First consider radiating area. Typical loudspeakers are only about 1% efficient in an overall sense (that is, for 100 watts of electrical input power, you get an output of 1 watt of acoustical power). The reason for this is that there is a bad impedance mismatch between the surface of the driver and the surrounding air. Think of air as a medium, like a fluid only much lighter and more compressible. The driver only "sees" a very small, light load on its diaphragm, and as such is unable to impart much force against it, because the air moves out of the way so easily. The driver can exert much more force electromechanically than the air can accept acoustically, thus the "impedance mismatch". The reason that horns have such fantastic efficiency is that they gradually expand, allowing the driver to "see" a much larger surface area of air. That is, the driver ends up loaded by the area of the horn opening rather than its own diaphragm area. This makes the air appear much "stiffer" to the driver and results in a much better impedance match. The other way to achieve better impedance matching is to use a lot of direct-radiator surface area. Doubling the radiating area gives you 3dB of efficiency all by itself, just because of the improved coupling to the air. So a 12" driver is inherently four times more efficient at coupling to the air than a 6" driver is, and generally will require four times the enclosure volume as well. (The inside of the box "sees" four times as much air being pushed into it, so for the same compliance, needs four times the volume. It's the same as if there were four 6" drivers in the box.) The reason that 12" drivers aren't vastly more efficient than 6" drivers is that they have a much higher moving mass, see below...

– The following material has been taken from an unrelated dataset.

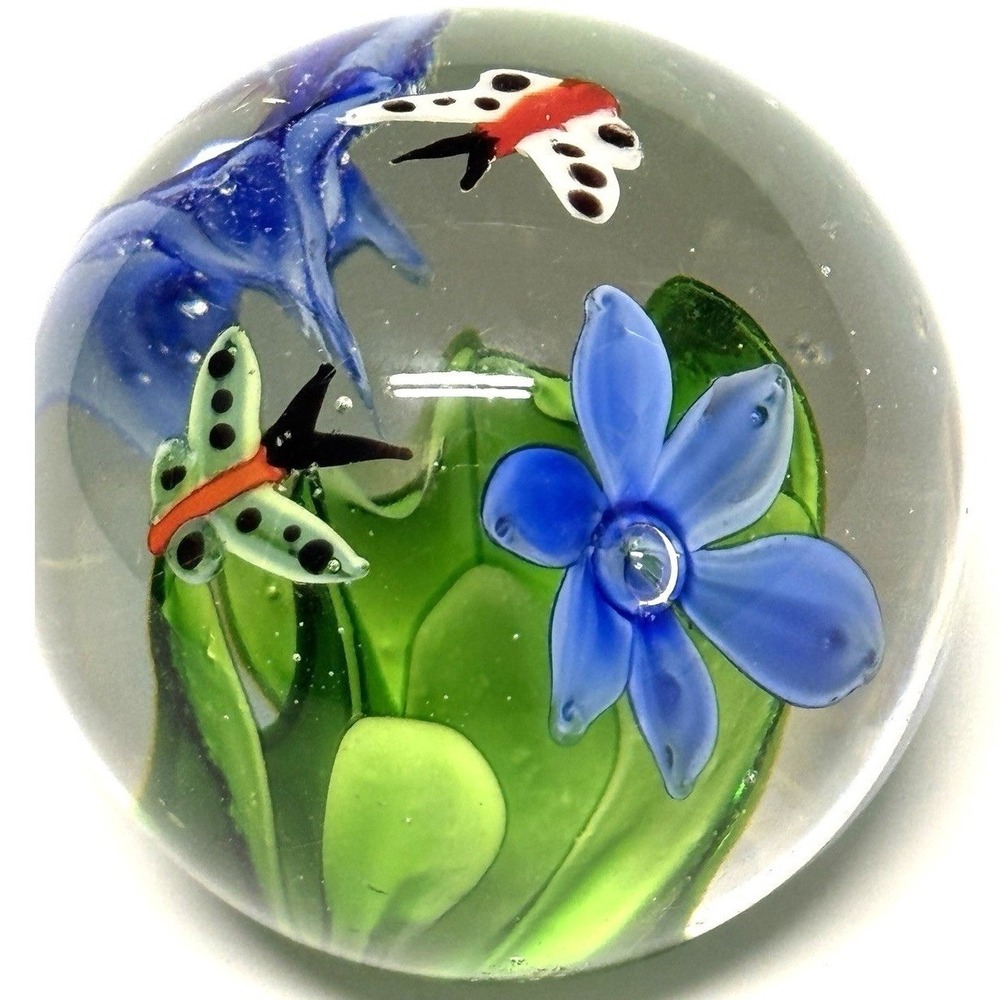 Vintage Murano Style Art Glass Paperweight - Blue Flowers & Butterflies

For every additional octave of bass extension, you have to move four times the volume of air. This leads immediately to the necessity for large drivers with large excursions, which in turn requires large enclosures to support them. There is a tradeoff that can be made, though, if you can live with a lower output level capability.
Driver efficiency is primarily a function of magnet force and moving mass. (Think back to F=ma. Sound is nothing but the acceleration of air molecules back and forth. The higher the acceleration, the louder the sound.) So if you increase the mass, you get a lower efficiency but also a lower resonant frequency (better bass extension). Thus you can take a 6" driver which would normally have a resonant frequency of 60Hz, and by doubling the mass and the suspension compliance, get the resonant frequency (and thus the extension) down one octave to 30 Hz. You lose 6dB of efficiency and 12dB of output capability in the process! (Remember the four times air volume principle? This is where it comes back to bite you.) But in many cases, a tradeoff like this is made in order to get good bass at limited output levels out of a small driver.
Hope this helps.